More than 45 artists took the stage to honor Nelson; Osmon and Wood chose 10 outstanding moments, including Roseanne Cash and 86-year-old Kris Kristofferson, who sang “Lovin’ Her Was Easier (Than Anything I’ll Ever Do Again).” Sturgill Simpson "said the only reason he went to Nashville to make country records was 'because I grew up listening to country records by Willie Nelson' — records, he added, that exist 'outside of the box of what most people think country records can be.'" Other standoiuts: Beck, Chris Stapleton, George Strait, Allison Russell and Norah Jones, Lukas Nelson, Emmylou Harris and Daniel Lanois, Sheryl Crow and Keith Richards, who joined Willie for "a beautifully crusty version of Waylon Jennings’ 'We Had It All,' which sounded about a million years old, and Billy Joe Shaver’s very aptly titled 'Live Forever.'"
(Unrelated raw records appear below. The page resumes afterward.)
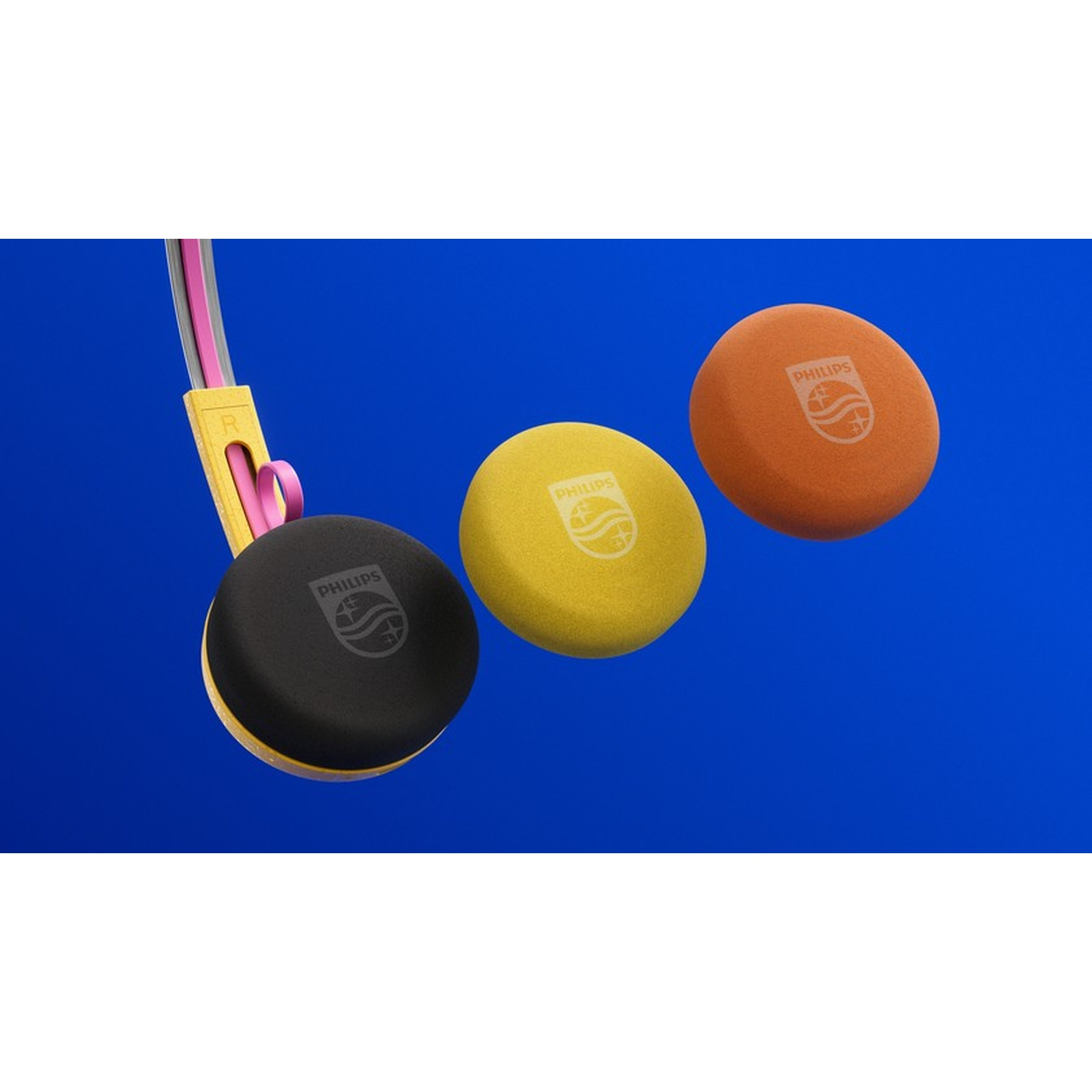 Tre cuscinetti Philips neri, gialli e arancioni su sfondo blu.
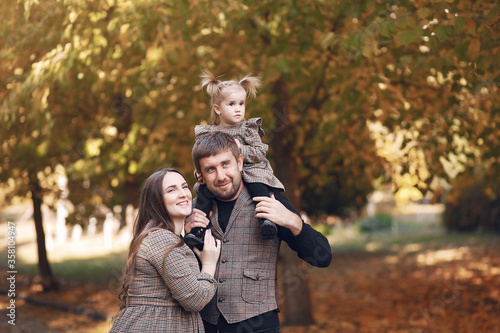 Family in a autumn park. Woman in a brown dress. Cute little girl with parents © hetmanstock2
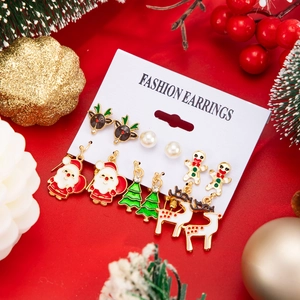 Detail view of 6-pair Christmas earring set with Santa, elk and tree motifs on red background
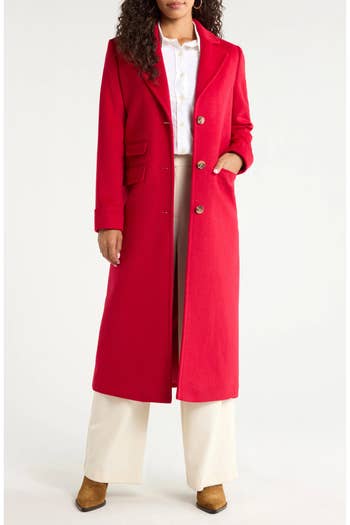 Model wearing agelong tailored coat, achromatic shirt, beige pants, and brownish boots.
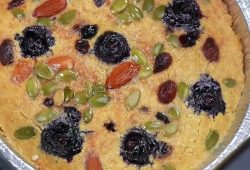 Baked oatmeal cake with blueberries, almonds, pumpkin seeds and raisins in a foil tray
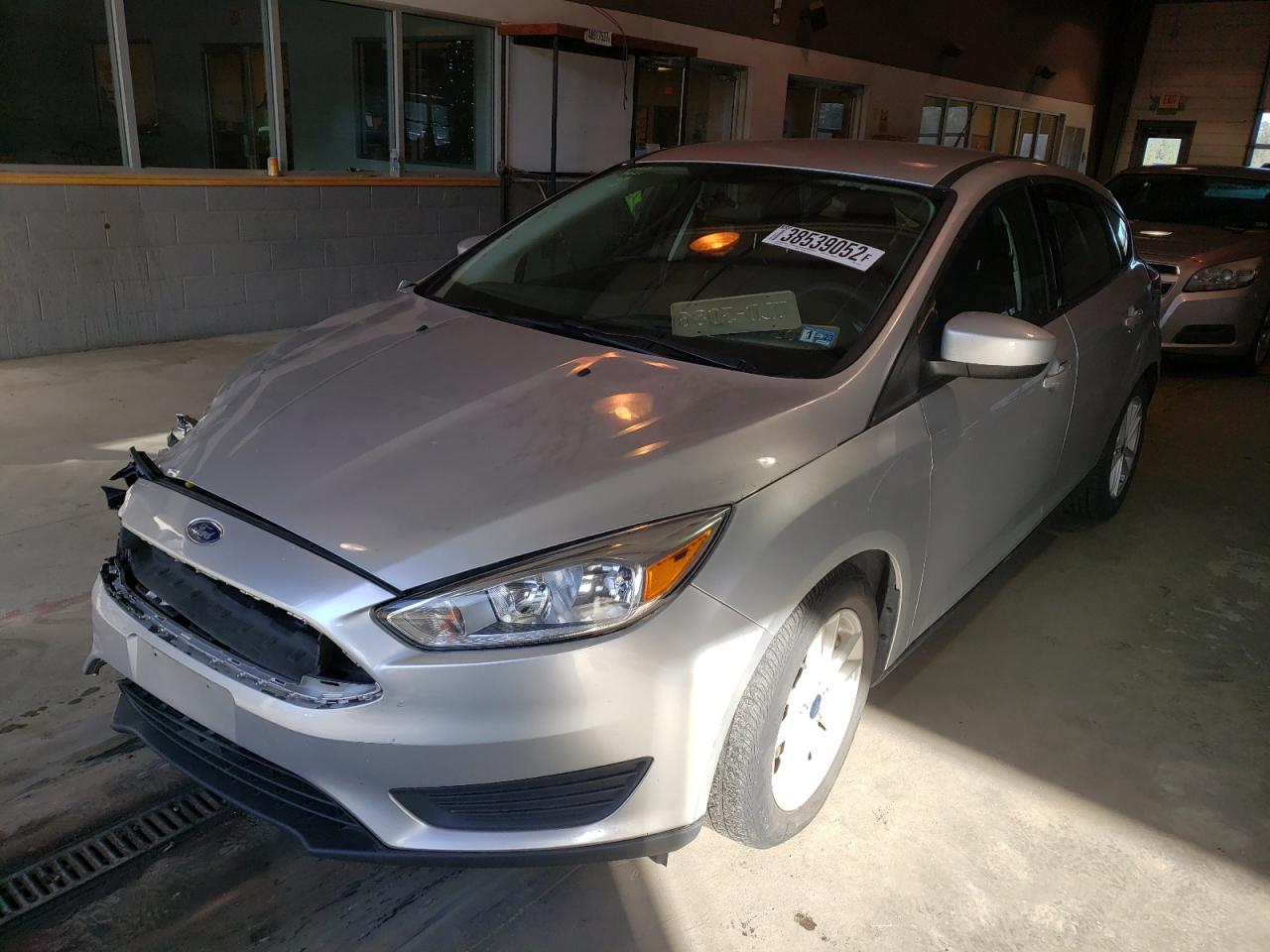 Photo 2 from auction – 2018 FORD FOCUS SE with VIN 1FADP3K27JL231481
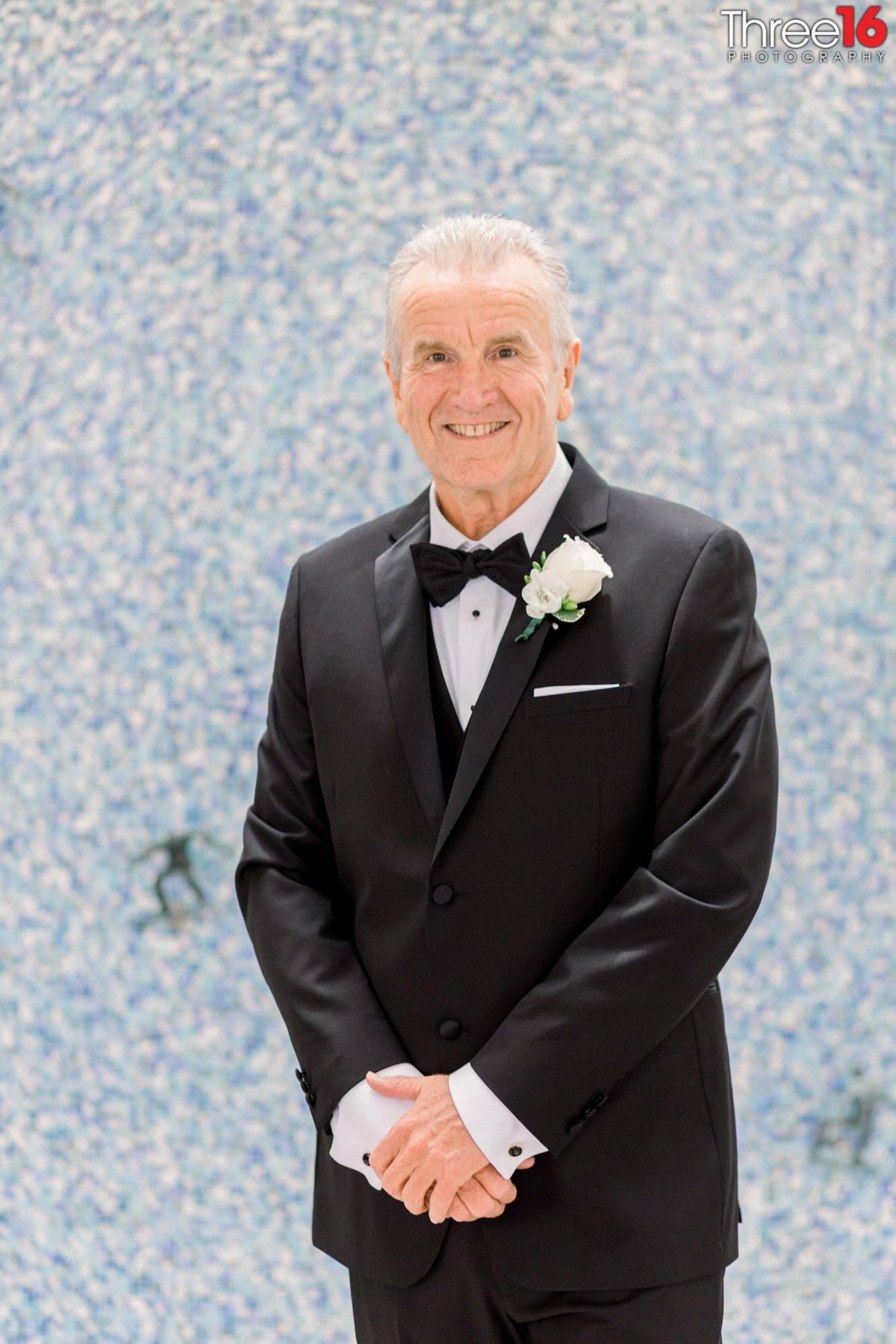 Groom poses with smile for the photographer
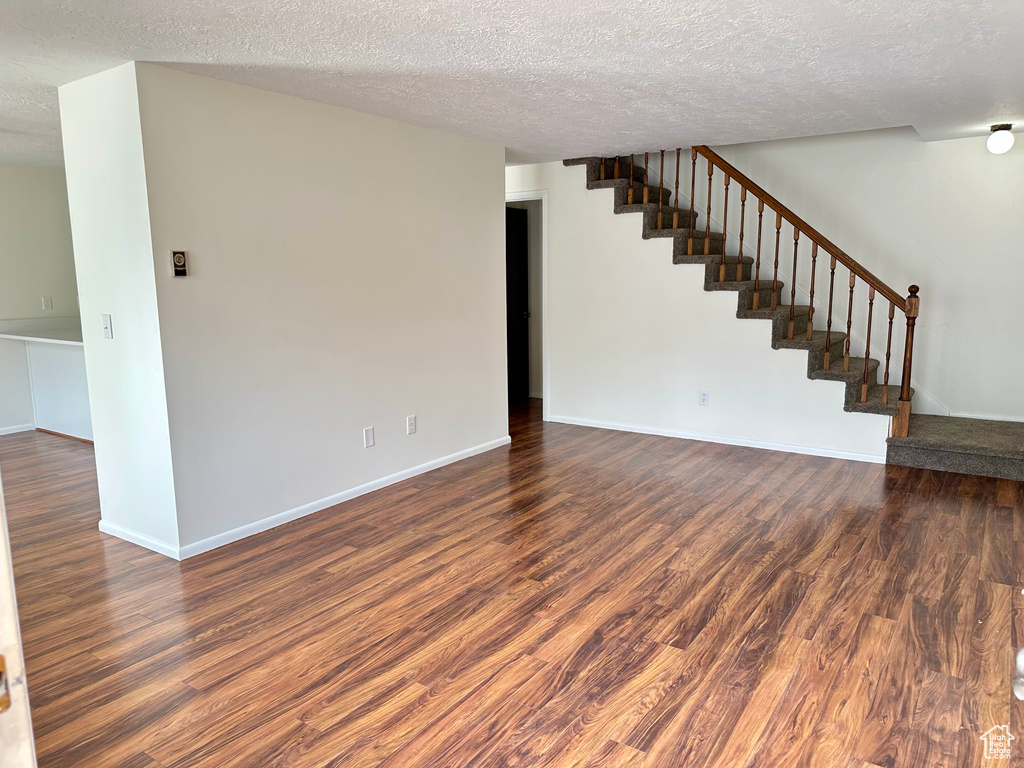 Unfurnished living room with stairway, a textured ceiling, wood finished floors, and baseboards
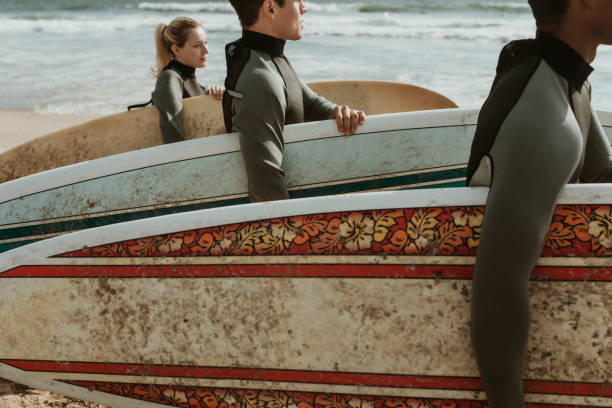 istock Surfers at the beach on a sunny day 2158212886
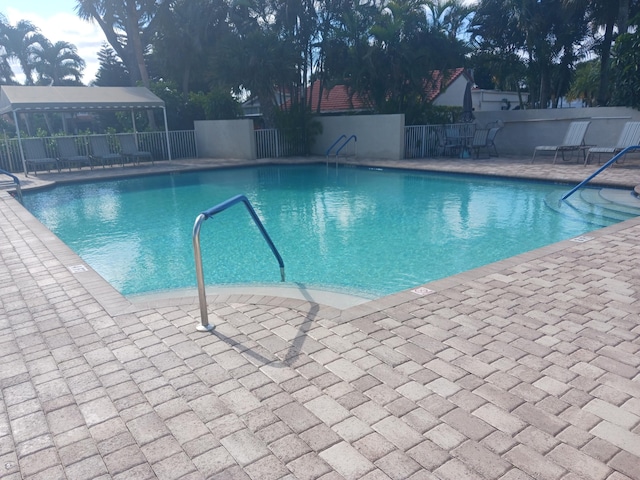 view of swimming pool with a patio area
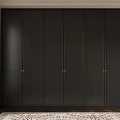 Dark Colored Built In Wardrobe With Gold Handles In Interior With Rug And Curtains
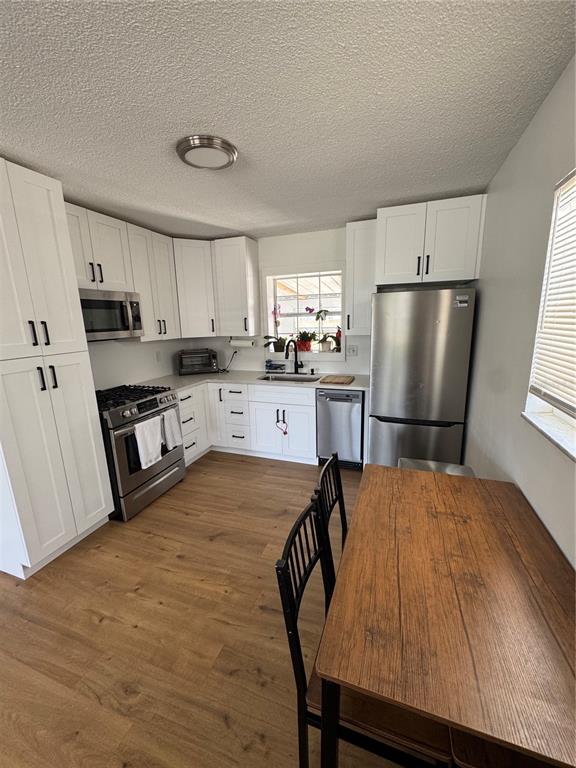 A kitchen features white cabinets, stainless steel appliances, and wood-look flooring — 631 75TH AVENUE N, ST PETERSBURG, FL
In advance of the concert, Michael Granberry of the Dallas Morning News did an overview of Nelson's career, which began in rural Texas, went to Nashville for songwriting, and returned to his home state: "Willie did more than change the course of American music with his risk-taking move from Nashville to Austin. Nearly half a century after the release of "Red Headed Stranger," his legacy extends to performances in the White House. To his fans and friends, Willie is a timeless icon. He shows not a shred of shame as the country’s most alluring pot smoker. And he somehow manages to rise above political and cultural divides, appealing to young and old, rich and poor, even to the most outspoken on the left and right." Joe Nick Patoski, who wrote the 2008 biography Willie Nelson: An Epic Life, told Granberry that Nelson is “the single most important Texan of the 20th and the 21st century, because he not only reflects — he defines Texas culture. No single person epitomizes the qualities that make Texans different from other people and separates Texas from the rest of the world, not just the United States.”